# Exercise instructions
When you write out the listing, keep each word exactly as it stands but include none of its images.

# Data provided
*** Begin section ***

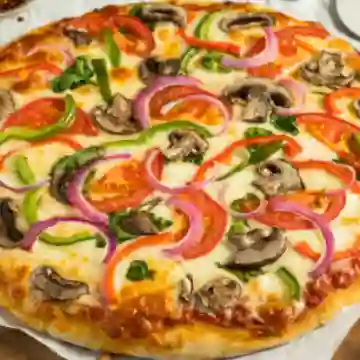 Pizza Personal Vegetariana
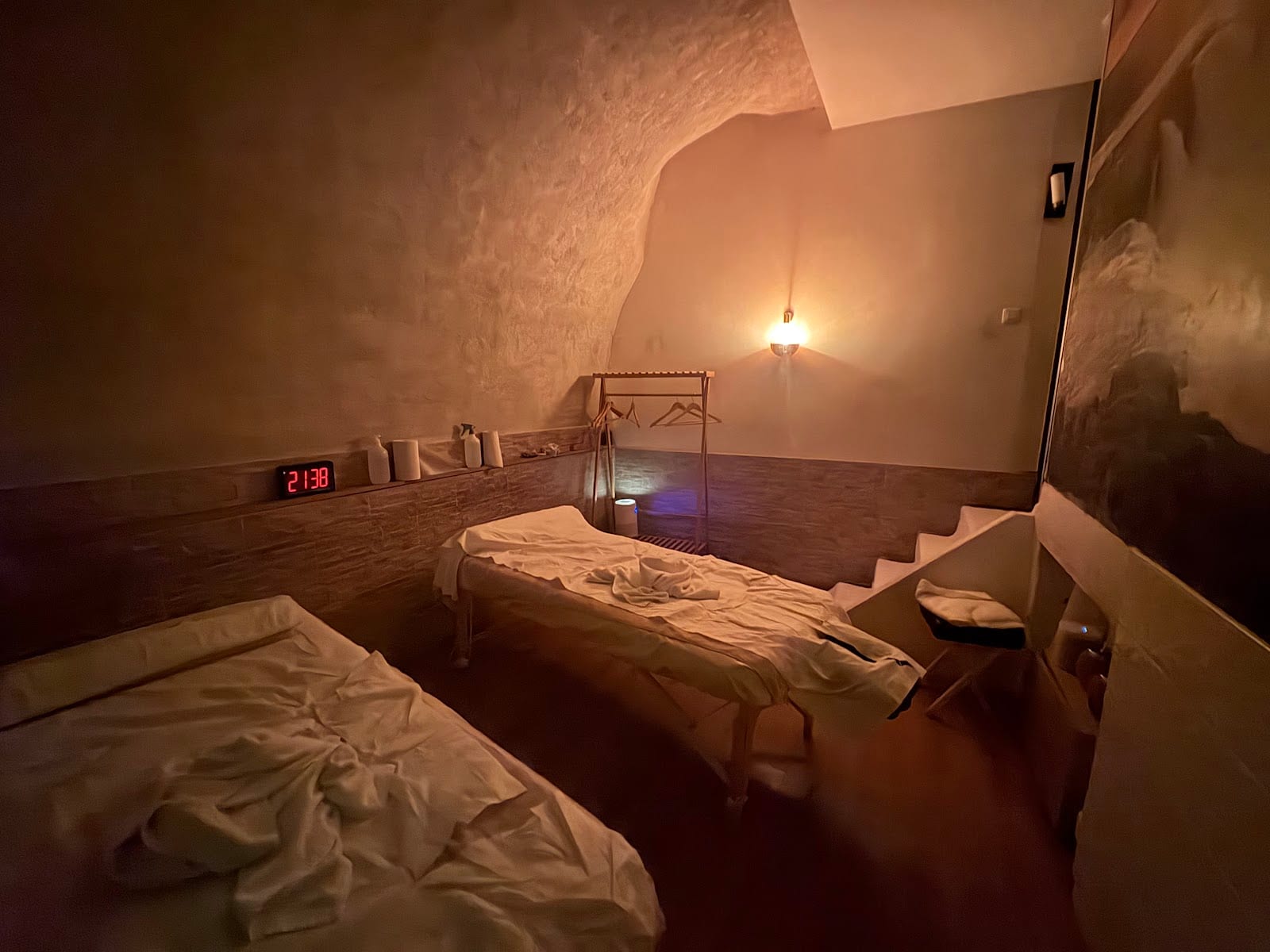 Massage Concept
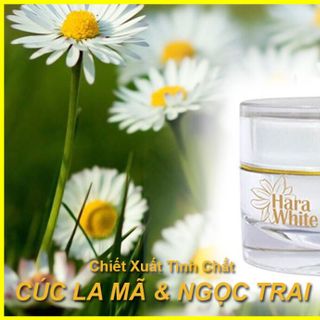 Kem Face Ngọc Trai Hara White PERAL CREAM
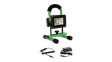 90500034259 LED Portable 3W4000 K Green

*** End section ***

# Answer box
 Pizza Personal Vegetariana
 Massage Concept
 Kem Face Ngọc Trai Hara White PERAL CREAM
 90500034259 LED Portable 3W4000 K Green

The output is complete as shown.